Andy
Software developer, entrepreneur. Currently exploring Blockchain, ML, and CV.

That one time we crowdsourced the price of marijuana

The idea

A few years ago, my friend Cory and I launched a project, subtly named PriceOfWeed.com, to answer some curiosities we had about the real street value of marijuana.

After watching a National Geographic documentary on marijuana where they cited some interesting (but seemingly exorbitant) figures about the price of the plant as it travels across borders - facing different economic/legal statuses from state to state - we realized that nobody really knows the true street price as the flow of information is nearly none due to it's black market status.

And so we decided to start an experiment of crowdsourcing this data by simply asking the consumers how much they paid. Initially, the idea seemed so stupid it would be more aptly named a highdea; who the hell would voluntarily submit data about what they paid for an illegal product?

Launching

The plan was to create the site with as little investment as possible - a single page with a web form for posting new submissions. We had one call-to-action: "We crowdsource the street value of marijuana from the most accurate source possible: you, the consumer. Help by anonymously submitting data on the latest transaction you've made." It looked something like this:

Initial version of the homepage

Once we had the site working, we launched it by posting on three online communities- Hacker News, and the 2 of the major Reddit forums focused on pot (/r/marijuana/ and /r/trees):

Our initial post on reddit

The posts picked up a ton of traction, rocketing to the front page of all three websites; people were definitely interested in the mission and it's potential findings. Furthermore, with California's Proposition 19 just around the corner, the timing couldn't be better.
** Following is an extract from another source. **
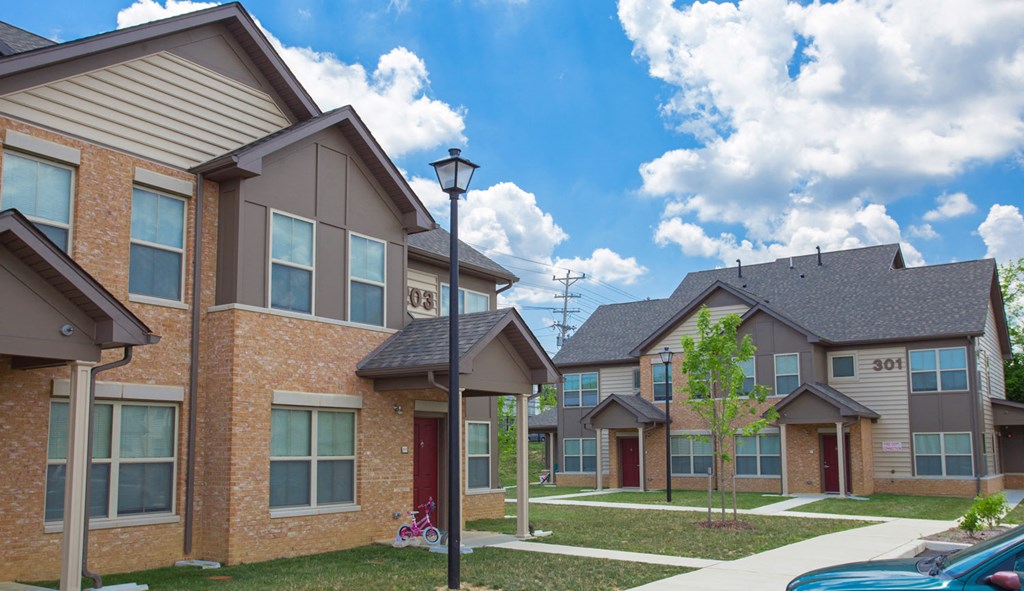 a row of brick apartment buildings with a sidewalk in front of them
Most importantly though, users were submitting data. A lot of it! We displayed the submitted data in a simple table:

Showing the data in a table

Good data, bad data

As the rate at which people were submitting data began picking up - hundreds, then thousands - so too did the number of bogus price entries. Immediately, we manually removed them by sorting and deleting outliers directly from the database. We'd soon need a more scalable solution.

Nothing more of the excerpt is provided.